Systemair

Katzenbergtunnel A3

Würzburg, Germany

25 AJ 1000 TR jet fans extract smoke in case of fire in tunnel on the A3 motorway

The ultimate nightmare: being stuck in a motorway tunnel after an accident resulting in a fire. Systemair jet fans have been installed in the new North tube of the Katzenberg tunnel on the A3 motorway near Würzburg to extract the smoke to the open air in such a case of fire. This ensures a protected traffic space without smoke and heat for the tunnel users and aids smooth evacuation.

However, the construction conditions for the North pipe of the tunnel on the A3 motorway represent a particular challenge. The slightly S-shaped, 570 metre long tunnel has a 22 m incline in the East to West direction. To deal with these topological and construction conditions, the technical safety system installed in the new tunnel needs a sophisticated design. If there is a fire, the stainless steel AJ 1000 TR-type jet fans will work for at least 90 minutes at 400 °C; but in practice definitely for longer. Achim Wöhrle, Key Account Manager at Systemair says, “With this type of fan we can generally hold out for at least 120 minutes. Our tests confirm this too.”

The tunnel tube is equipped with 25 AJ 1000 TR-type jet fans, each with a power of 30 kW. They are installed in five groups of five. This enables a total thrust of 900 N (Newtons) to be generated. The ventilation concept was developed by HBI Haerter GmbH from Heidenheim and realised by GBI Gackstatter Beratende Ingenieure GmbH from Stuttgart.

As a first step, the calculations made by the engineers at HBI were verified in a practical test on the test rig at Systemair in Windischbuch. A smoke test in the tunnel itself – under the watchful eye of the fire service – gave final confirmation of the theoretical and practical assumptions. All 25 fans can also be run in reverse, enabling the system to react to changing meteorological conditions such as rotating wind pressure. Here the fans still run at around 90 per cent capacity.
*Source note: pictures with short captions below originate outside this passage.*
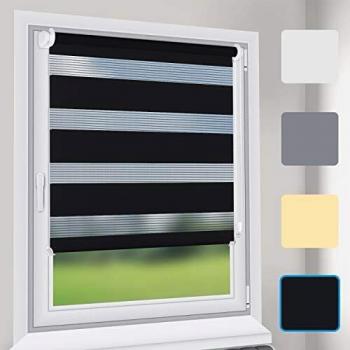 Sekey Estor Enrollable Doble Tejido Noche y Día Persiana Enrollable para Ventanas Puertas Dormitorios Oficinas, 60cm x 130cm Negro
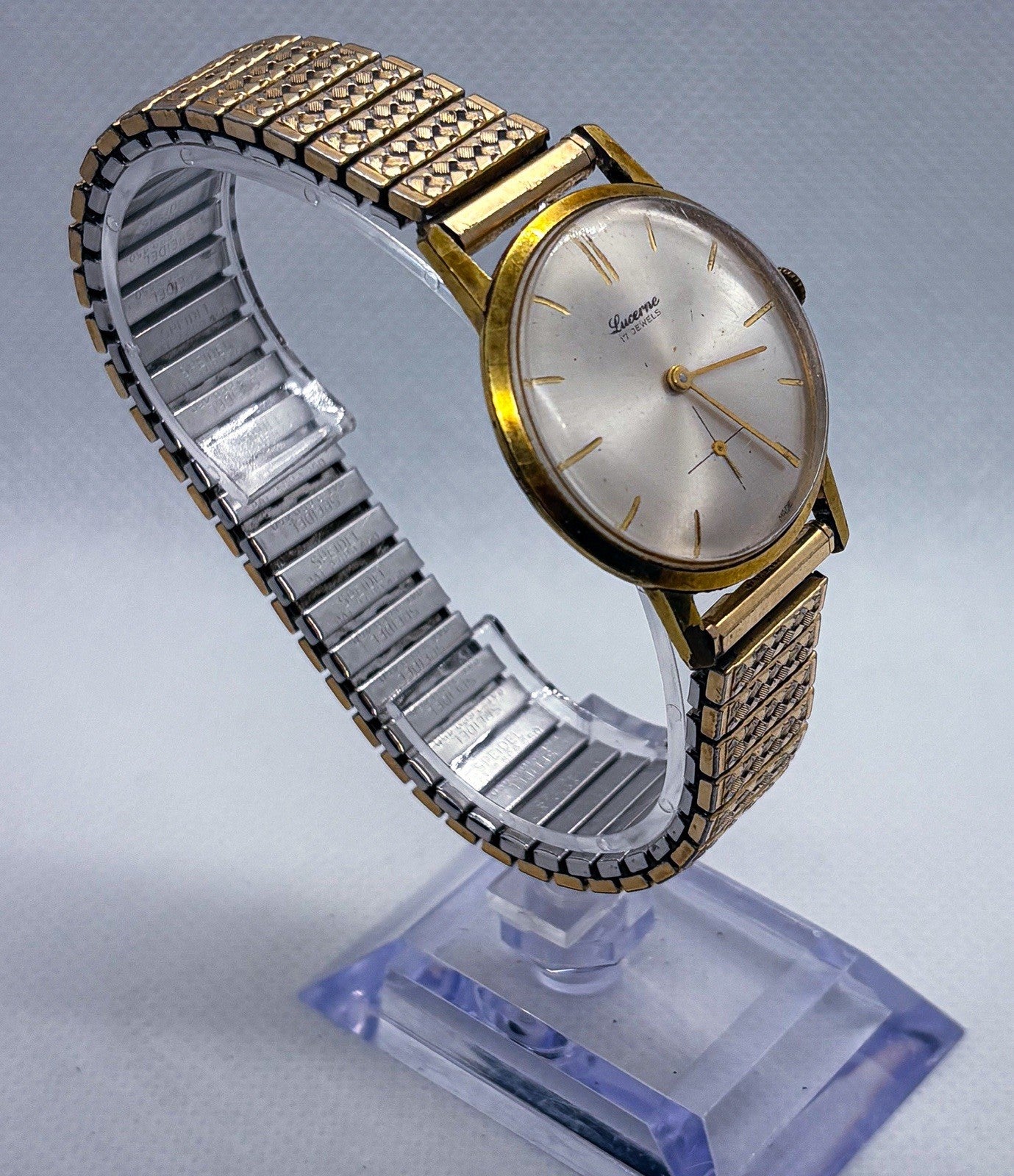 Vintage 1960s Lucerne 17 Jewels Sub Second Hand-Wind Watch Speidel Twist Band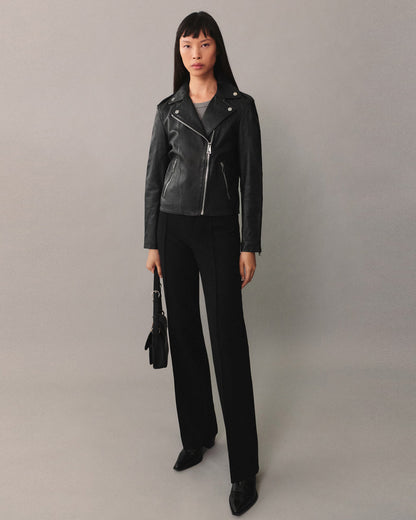 TEXTURED ZIP-UP BIKER JACKET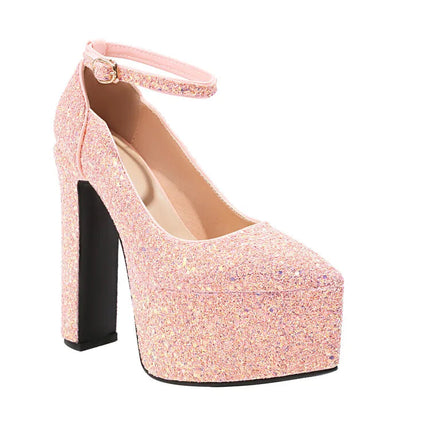 Ochanmeb Bling Bling Silver Gold Glitter Shoes Woman Ultra High Heels Platform Buckle Sequin Red Pumps Ladies Party Prom Wedding PlatiNum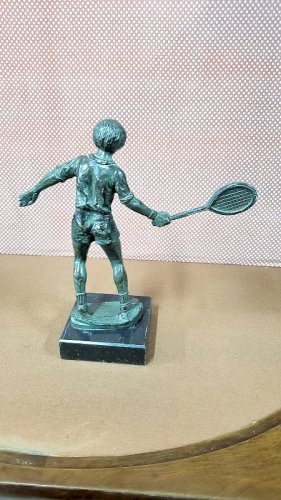 STATUE D'UN TENNISMAN EN BRONZE SIGNE SIMAR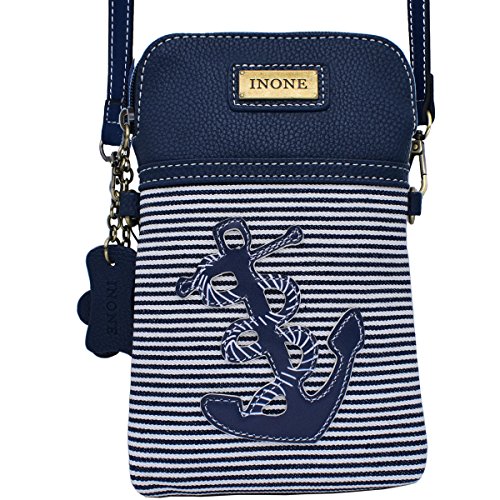 Anchor Crossbody Bag Nautical iPhone Cell Phone Purse Bag PU Leather Canvas Handbag for Smartphone Credit Card Passport Keys2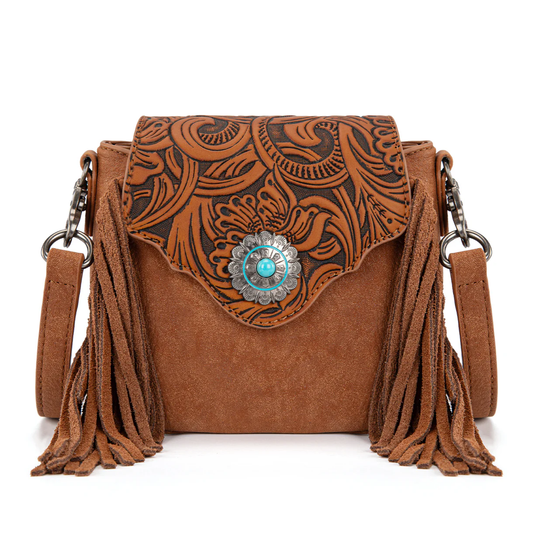 Montana West embossed fringe mini crossbody - Brown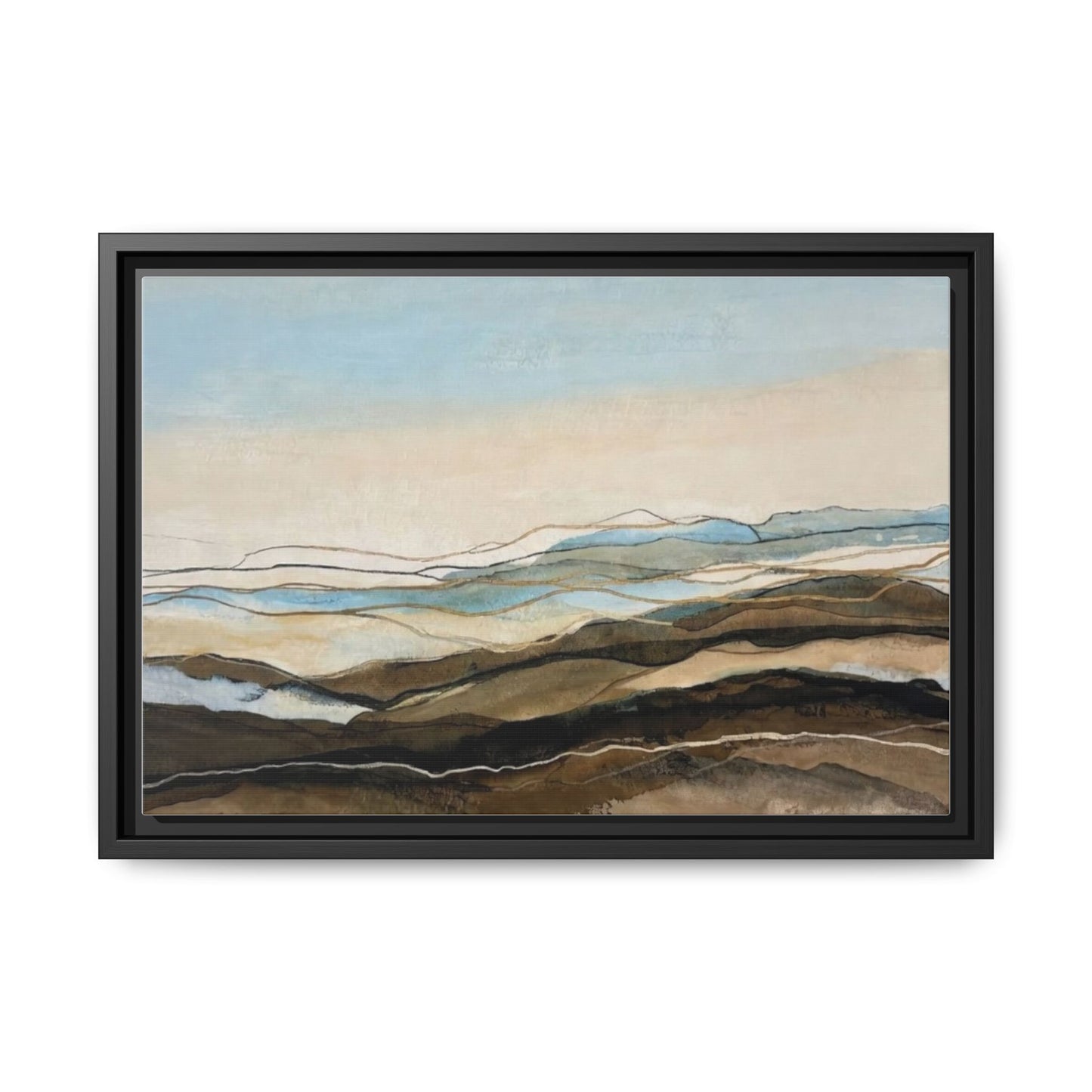 Framed Matte Canvas Print — Abstract Coastal Landscape Wall Art
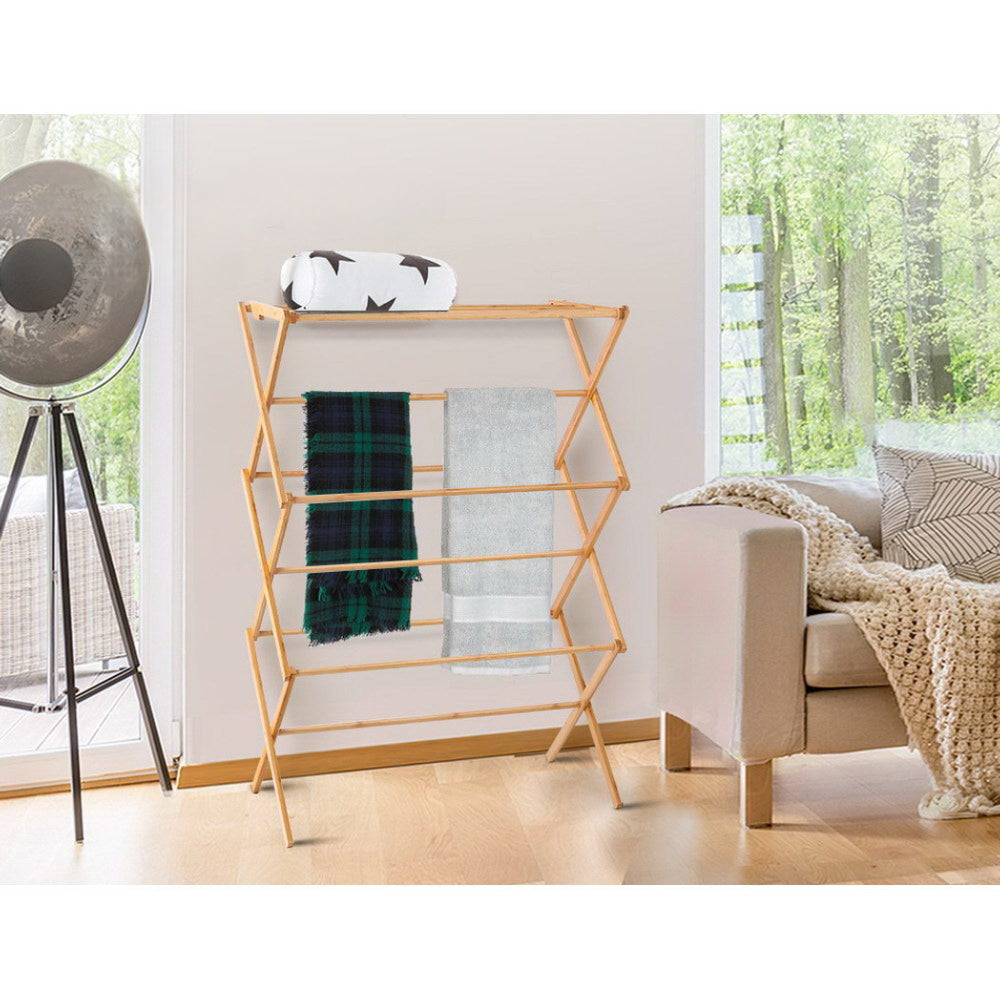Clothes Rack Airer Foldable Bamboo Drying Laundry Dryer Garment Hanger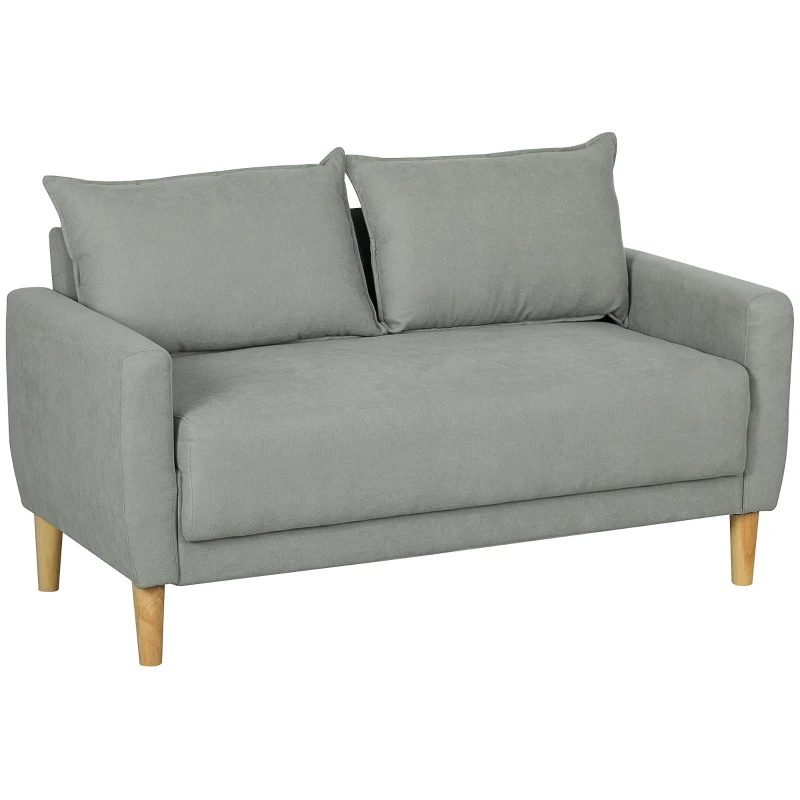 HOMCOM Canapea cu 2 Locuri, Brațe, Compartiment de Depozitare și 2 Perne, 140x72x82 cm, Gri(m-11)
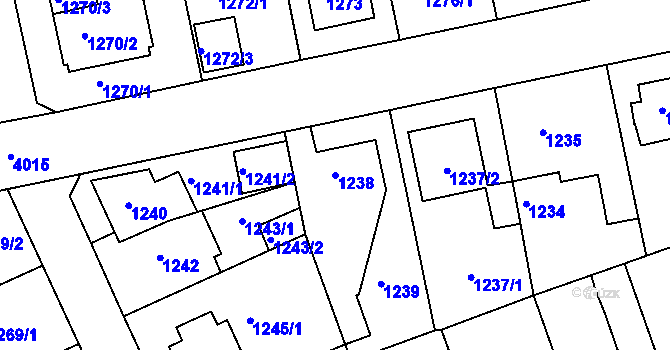 Parcela st. 1238 v KÚ Modřany, Katastrální mapa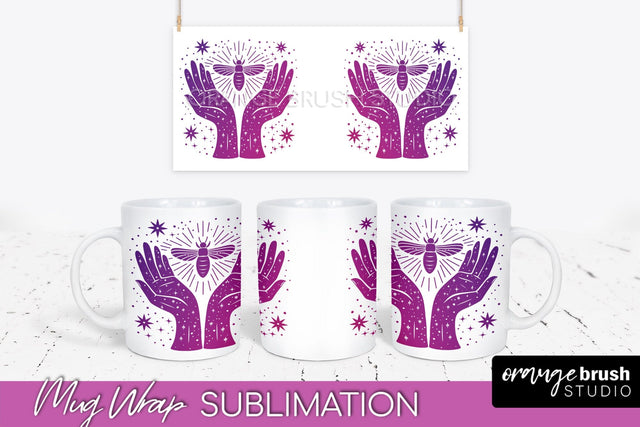 Celestial Mug Wrap PNG, Boho Mystical Coffee Mug Sublimation Sublimation OrangeBrushStudio 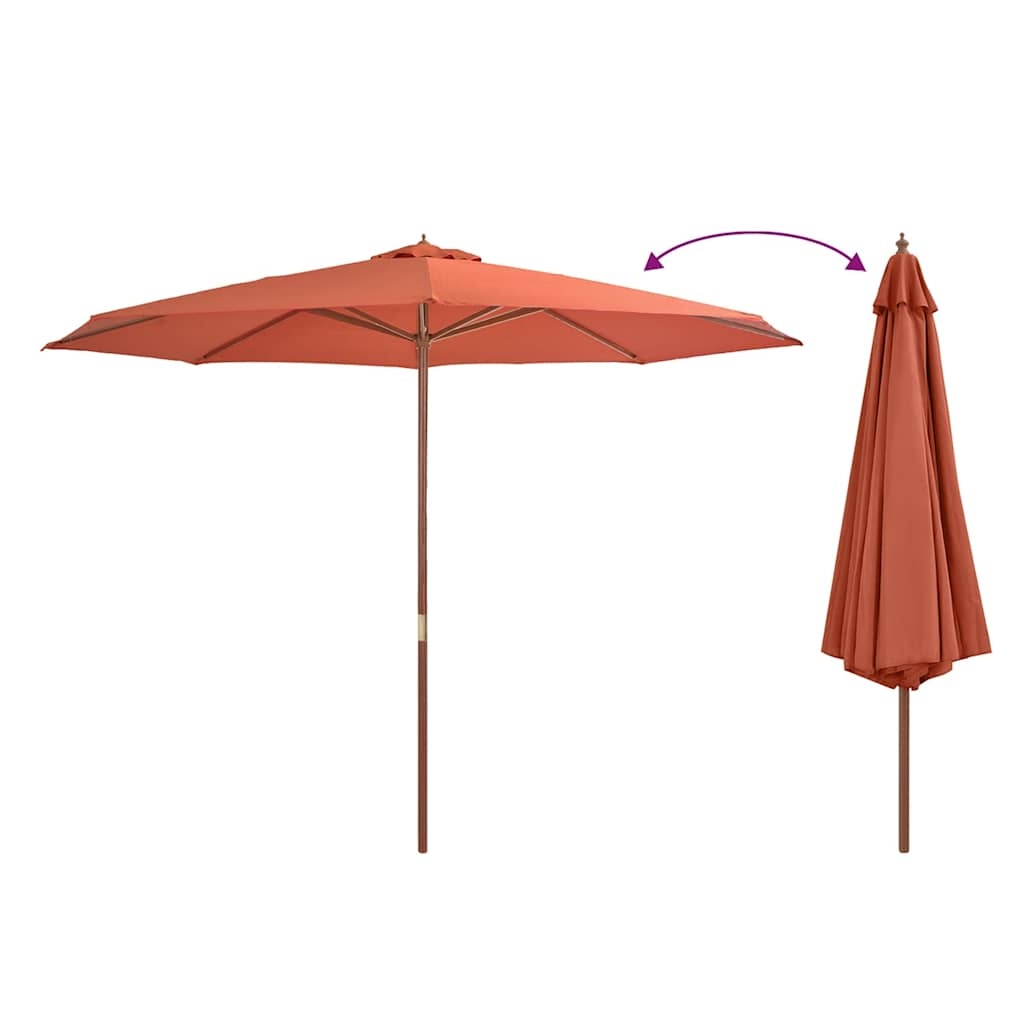 VidaXL Parasol met houten paal 350 cm terracottakleurig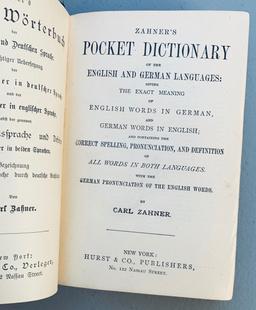 Zahner's Pocket Dictionary (c.1880) English & German Languages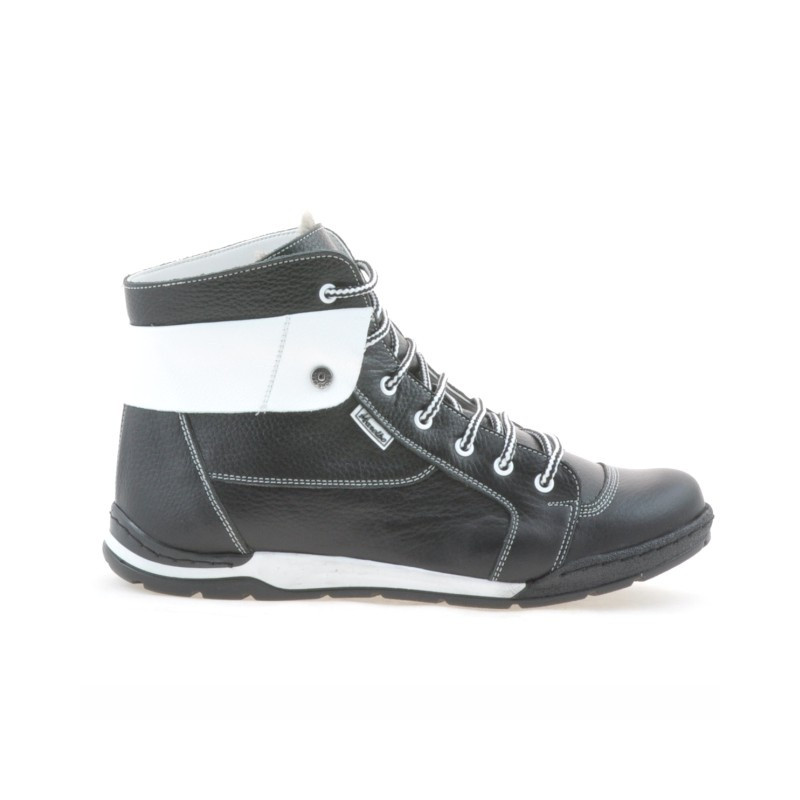 Herrenstiefel 421 schwarz+weiß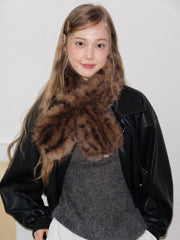 Gradient Leopard Faux Fur Scarf Brown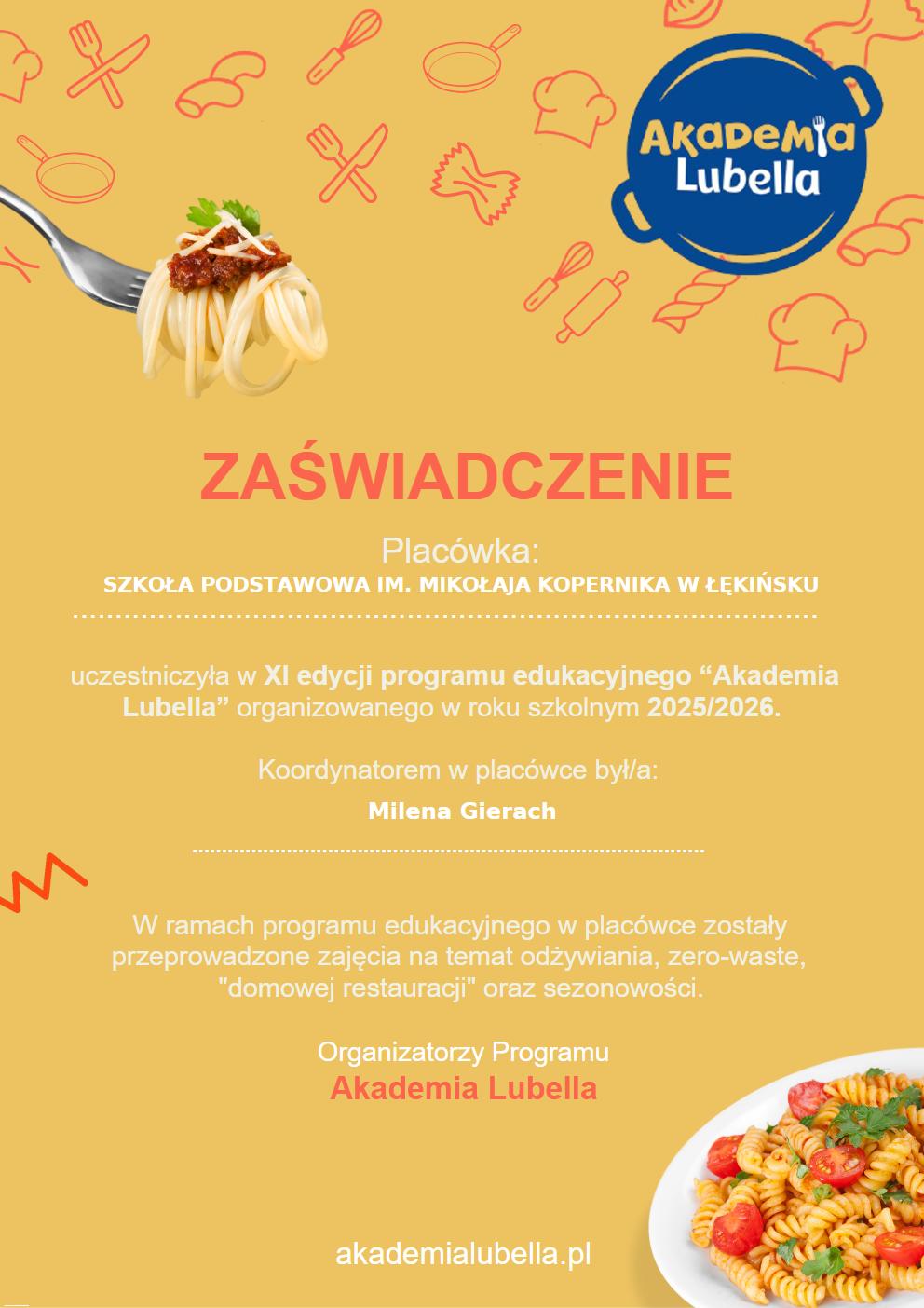 zaświadczenie uczestnictwa w programie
Normally the jet fans in the Katzenberg tunnel are switched off. The prevailing westerly wind rising from the valley generally ensures the necessary exchange of air. In case of fire, the fans are activated in smooth progression with appropriate speeds, taking into account the natural airflow. This protects the fan equipment and also helps the system function for longer if there is a fire.